江戸時代を舞台にした怪奇物語「あやし」。じっとりとした恐ろしさ満載の中に切なさも。夜に読むと背筋がぞくりとしてしまう一冊。「居眠り心中」、「影牢」、「布団部屋」、「梅の雨降る」、「安達家の鬼」、「女の首」、「時雨鬼」、「灰神楽」、「蜆塚」の九編が収録されています。情感たっぷりの語りかけるような文体で、それぞれのお話に不思議な余韻が残りました。中でも「安達家の鬼」が一番印象深いお話でした。義母と心を通わせている鬼。義母は鬼に守られながら一代で商いをなした。
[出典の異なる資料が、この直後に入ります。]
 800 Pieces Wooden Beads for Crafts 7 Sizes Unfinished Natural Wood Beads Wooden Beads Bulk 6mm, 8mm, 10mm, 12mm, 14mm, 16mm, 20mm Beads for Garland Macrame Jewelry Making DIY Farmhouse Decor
「良いことと悪いことは、いつも背中合わせ・・幸せと不幸は、表と裏だからね」辛いことばかりでは、逆に鬼も見えないのかもしれない・・」最期がドラマティックで好きです。
物の怪の比ではない怖さ。
宮部みゆきさんの時代物の短編9作品。「あやし」という名前なのだから、もちろん怖いのだろうと思って手には取ってみたものの、本当に怖かった!普通、怖いものというと幽霊とか物の怪とかを思い浮かべるけどこの作品たちから感じたものは、「生きた人間はそれ以上に怖い」ということだった。どの作品も怖かったけれど、中でも「女の首」は背筋がゾクリとした。こんなにも長い間、しかも絵の中で人の怨念というのは育てられるのだというのが恐ろしかった。語りが江戸時代の人の口調なので淡々とした中にゾクリとする凄みが感じられて話の怖さに拍車がかかる。怖いけれど読んでしまう、そんな本でした。